*WORK TO COMPLETE*. Print nothing except the lines of the listing below from the line with "Snowy Granite Domes" to the line with "thumbnail - Princess", each exactly as written, both ends included.

*EXTRACTED DATA*.
◆ ◆ ◆
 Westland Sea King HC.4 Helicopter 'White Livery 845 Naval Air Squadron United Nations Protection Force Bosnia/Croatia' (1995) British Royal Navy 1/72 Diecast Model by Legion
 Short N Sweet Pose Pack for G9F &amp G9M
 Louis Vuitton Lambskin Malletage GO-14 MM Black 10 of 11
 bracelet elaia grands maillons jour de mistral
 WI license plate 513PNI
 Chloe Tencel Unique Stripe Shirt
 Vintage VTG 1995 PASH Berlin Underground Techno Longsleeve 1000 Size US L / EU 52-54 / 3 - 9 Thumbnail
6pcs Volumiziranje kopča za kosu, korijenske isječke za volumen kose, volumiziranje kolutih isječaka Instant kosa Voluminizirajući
◆ ◆ ◆
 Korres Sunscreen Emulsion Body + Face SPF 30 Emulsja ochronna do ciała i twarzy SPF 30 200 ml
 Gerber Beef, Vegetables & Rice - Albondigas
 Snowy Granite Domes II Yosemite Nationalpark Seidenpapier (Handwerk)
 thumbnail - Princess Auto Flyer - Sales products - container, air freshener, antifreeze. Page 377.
◆ ◆ ◆
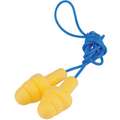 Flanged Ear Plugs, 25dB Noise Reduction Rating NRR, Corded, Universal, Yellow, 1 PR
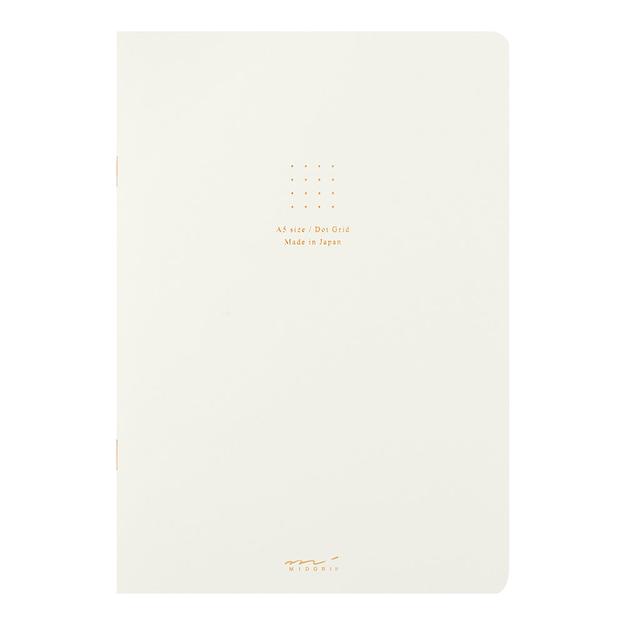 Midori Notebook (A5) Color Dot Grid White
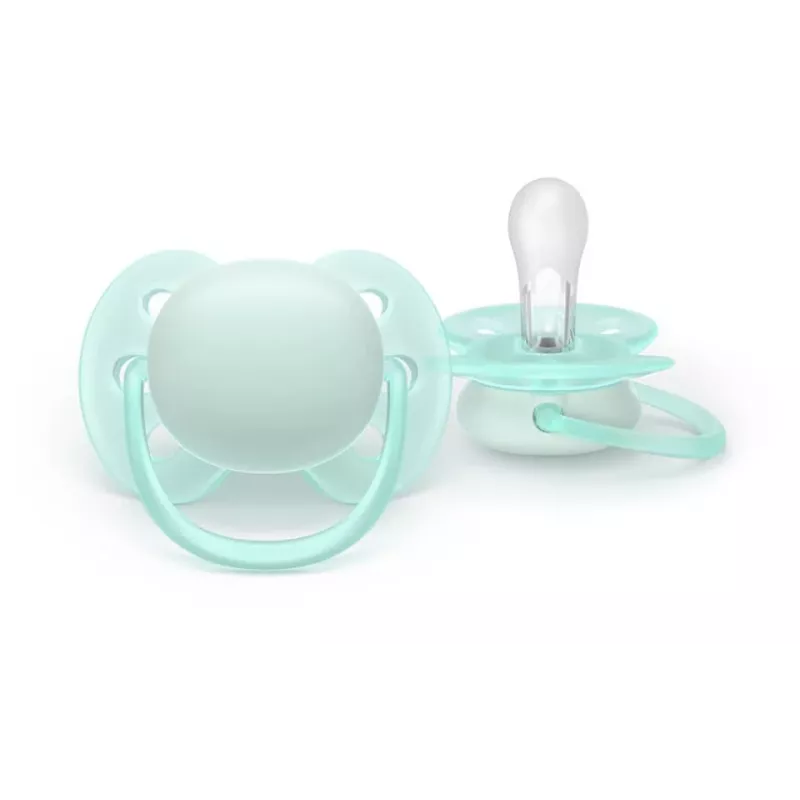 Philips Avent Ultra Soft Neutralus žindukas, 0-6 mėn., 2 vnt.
◆ ◆ ◆
*SOLUTION TO THIS EXERCISE*.
 Snowy Granite Domes II Yosemite Nationalpark Seidenpapier (Handwerk)
 thumbnail - Princess Auto Flyer - Sales products - container, air freshener, antifreeze. Page 377.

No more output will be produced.